Stored entries
----------------------------------------

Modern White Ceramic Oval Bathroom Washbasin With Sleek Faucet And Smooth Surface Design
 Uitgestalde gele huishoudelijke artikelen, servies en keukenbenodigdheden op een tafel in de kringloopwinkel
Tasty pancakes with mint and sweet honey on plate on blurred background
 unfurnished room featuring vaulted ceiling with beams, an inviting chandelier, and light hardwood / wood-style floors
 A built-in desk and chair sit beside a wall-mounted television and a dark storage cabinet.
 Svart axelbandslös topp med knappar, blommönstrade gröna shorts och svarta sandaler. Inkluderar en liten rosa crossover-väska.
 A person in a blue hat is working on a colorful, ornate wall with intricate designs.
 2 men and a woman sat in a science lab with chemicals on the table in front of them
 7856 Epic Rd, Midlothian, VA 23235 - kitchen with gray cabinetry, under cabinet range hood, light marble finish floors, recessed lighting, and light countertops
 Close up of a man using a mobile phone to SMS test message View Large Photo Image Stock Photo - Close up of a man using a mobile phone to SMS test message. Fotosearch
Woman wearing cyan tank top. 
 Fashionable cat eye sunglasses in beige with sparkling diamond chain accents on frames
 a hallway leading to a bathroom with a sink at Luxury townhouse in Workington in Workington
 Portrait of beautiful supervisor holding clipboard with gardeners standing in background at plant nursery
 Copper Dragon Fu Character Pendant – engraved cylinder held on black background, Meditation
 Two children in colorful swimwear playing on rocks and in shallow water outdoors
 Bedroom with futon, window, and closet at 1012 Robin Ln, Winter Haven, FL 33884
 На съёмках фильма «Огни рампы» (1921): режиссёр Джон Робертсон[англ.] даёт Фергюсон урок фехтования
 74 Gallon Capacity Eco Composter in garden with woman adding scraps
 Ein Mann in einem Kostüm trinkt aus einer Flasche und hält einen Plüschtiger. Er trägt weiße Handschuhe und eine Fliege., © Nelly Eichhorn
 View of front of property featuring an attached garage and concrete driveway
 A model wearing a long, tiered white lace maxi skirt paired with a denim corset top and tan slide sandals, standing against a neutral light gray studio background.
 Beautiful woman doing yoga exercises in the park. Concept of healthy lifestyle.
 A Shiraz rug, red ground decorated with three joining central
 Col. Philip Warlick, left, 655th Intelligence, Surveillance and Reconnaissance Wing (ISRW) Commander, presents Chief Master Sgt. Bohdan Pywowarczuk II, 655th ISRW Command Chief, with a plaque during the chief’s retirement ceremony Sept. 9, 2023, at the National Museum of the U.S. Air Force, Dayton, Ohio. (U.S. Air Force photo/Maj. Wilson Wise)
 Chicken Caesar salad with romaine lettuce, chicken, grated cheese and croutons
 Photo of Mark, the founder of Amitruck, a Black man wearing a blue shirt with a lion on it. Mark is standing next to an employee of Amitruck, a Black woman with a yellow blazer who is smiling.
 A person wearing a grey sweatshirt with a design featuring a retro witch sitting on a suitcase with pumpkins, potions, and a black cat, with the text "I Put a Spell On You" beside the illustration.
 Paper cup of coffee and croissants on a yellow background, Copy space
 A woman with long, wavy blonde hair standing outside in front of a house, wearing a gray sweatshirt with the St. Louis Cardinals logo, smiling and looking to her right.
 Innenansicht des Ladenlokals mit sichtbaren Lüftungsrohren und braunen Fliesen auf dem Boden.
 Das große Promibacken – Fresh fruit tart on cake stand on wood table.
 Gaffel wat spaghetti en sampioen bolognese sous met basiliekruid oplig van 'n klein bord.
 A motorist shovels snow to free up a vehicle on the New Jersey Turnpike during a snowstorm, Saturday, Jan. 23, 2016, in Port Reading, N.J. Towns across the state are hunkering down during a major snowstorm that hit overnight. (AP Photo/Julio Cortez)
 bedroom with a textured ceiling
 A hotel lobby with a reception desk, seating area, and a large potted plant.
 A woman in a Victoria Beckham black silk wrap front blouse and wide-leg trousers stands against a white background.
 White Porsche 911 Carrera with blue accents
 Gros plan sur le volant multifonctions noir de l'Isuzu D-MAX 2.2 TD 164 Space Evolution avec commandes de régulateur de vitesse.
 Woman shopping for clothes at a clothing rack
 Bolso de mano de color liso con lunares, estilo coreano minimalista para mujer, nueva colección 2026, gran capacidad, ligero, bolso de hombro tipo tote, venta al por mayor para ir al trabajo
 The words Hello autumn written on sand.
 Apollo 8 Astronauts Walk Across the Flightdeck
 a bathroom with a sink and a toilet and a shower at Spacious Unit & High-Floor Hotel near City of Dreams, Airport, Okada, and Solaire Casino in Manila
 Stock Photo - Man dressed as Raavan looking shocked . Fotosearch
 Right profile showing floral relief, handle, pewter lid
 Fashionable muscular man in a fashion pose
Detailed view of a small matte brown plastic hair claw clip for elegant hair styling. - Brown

----------------------------------------

_WORK TO COMPLETE:_
Give back exactly the lines above, from the line containing "Gros plan sur" through the line containing "Woman shopping for", with both end lines and nothing more.

_EXPECTED ANSWER:_
 Gros plan sur le volant multifonctions noir de l'Isuzu D-MAX 2.2 TD 164 Space Evolution avec commandes de régulateur de vitesse.
 Woman shopping for clothes at a clothing rack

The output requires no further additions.